# Task
The data should be duplicated exactly, with every word kept as it is.

* * * *

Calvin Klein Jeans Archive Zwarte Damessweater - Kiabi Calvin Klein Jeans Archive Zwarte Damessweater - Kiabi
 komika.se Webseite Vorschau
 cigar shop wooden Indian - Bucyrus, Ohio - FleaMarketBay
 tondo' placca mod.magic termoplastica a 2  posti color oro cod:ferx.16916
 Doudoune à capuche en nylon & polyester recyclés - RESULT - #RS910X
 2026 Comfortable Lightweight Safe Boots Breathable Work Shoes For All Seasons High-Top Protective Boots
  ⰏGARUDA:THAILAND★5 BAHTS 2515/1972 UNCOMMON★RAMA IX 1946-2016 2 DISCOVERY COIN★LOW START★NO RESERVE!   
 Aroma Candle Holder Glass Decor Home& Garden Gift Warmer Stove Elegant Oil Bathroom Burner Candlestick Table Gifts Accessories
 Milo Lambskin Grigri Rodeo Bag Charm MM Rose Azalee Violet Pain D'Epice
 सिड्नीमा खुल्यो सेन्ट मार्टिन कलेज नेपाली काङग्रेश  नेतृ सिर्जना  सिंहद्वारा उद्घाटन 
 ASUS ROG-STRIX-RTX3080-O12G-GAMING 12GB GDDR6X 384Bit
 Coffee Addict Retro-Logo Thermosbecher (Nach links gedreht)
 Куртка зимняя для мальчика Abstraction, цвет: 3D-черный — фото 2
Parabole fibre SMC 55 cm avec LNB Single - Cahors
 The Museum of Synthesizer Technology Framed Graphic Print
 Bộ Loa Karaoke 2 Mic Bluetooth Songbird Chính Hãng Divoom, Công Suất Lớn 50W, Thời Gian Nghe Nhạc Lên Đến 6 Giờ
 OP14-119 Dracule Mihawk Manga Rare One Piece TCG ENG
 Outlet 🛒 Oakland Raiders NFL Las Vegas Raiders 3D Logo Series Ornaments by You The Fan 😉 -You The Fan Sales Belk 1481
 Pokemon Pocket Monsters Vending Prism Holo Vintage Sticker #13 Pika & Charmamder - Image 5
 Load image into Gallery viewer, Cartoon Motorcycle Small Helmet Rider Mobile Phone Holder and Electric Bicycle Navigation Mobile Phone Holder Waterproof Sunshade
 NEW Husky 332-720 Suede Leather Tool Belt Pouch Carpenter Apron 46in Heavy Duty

* * * *

# Reply to the task
Calvin Klein Jeans Archive Zwarte Damessweater - Kiabi Calvin Klein Jeans Archive Zwarte Damessweater - Kiabi
 komika.se Webseite Vorschau
 cigar shop wooden Indian - Bucyrus, Ohio - FleaMarketBay
 tondo' placca mod.magic termoplastica a 2  posti color oro cod:ferx.16916
 Doudoune à capuche en nylon & polyester recyclés - RESULT - #RS910X
 2026 Comfortable Lightweight Safe Boots Breathable Work Shoes For All Seasons High-Top Protective Boots
  ⰏGARUDA:THAILAND★5 BAHTS 2515/1972 UNCOMMON★RAMA IX 1946-2016 2 DISCOVERY COIN★LOW START★NO RESERVE!   
 Aroma Candle Holder Glass Decor Home& Garden Gift Warmer Stove Elegant Oil Bathroom Burner Candlestick Table Gifts Accessories
 Milo Lambskin Grigri Rodeo Bag Charm MM Rose Azalee Violet Pain D'Epice
 सिड्नीमा खुल्यो सेन्ट मार्टिन कलेज नेपाली काङग्रेश  नेतृ सिर्जना  सिंहद्वारा उद्घाटन 
 ASUS ROG-STRIX-RTX3080-O12G-GAMING 12GB GDDR6X 384Bit
 Coffee Addict Retro-Logo Thermosbecher (Nach links gedreht)
 Куртка зимняя для мальчика Abstraction, цвет: 3D-черный — фото 2
Parabole fibre SMC 55 cm avec LNB Single - Cahors
 The Museum of Synthesizer Technology Framed Graphic Print
 Bộ Loa Karaoke 2 Mic Bluetooth Songbird Chính Hãng Divoom, Công Suất Lớn 50W, Thời Gian Nghe Nhạc Lên Đến 6 Giờ
 OP14-119 Dracule Mihawk Manga Rare One Piece TCG ENG
 Outlet 🛒 Oakland Raiders NFL Las Vegas Raiders 3D Logo Series Ornaments by You The Fan 😉 -You The Fan Sales Belk 1481
 Pokemon Pocket Monsters Vending Prism Holo Vintage Sticker #13 Pika & Charmamder - Image 5
 Load image into Gallery viewer, Cartoon Motorcycle Small Helmet Rider Mobile Phone Holder and Electric Bicycle Navigation Mobile Phone Holder Waterproof Sunshade
 NEW Husky 332-720 Suede Leather Tool Belt Pouch Carpenter Apron 46in Heavy Duty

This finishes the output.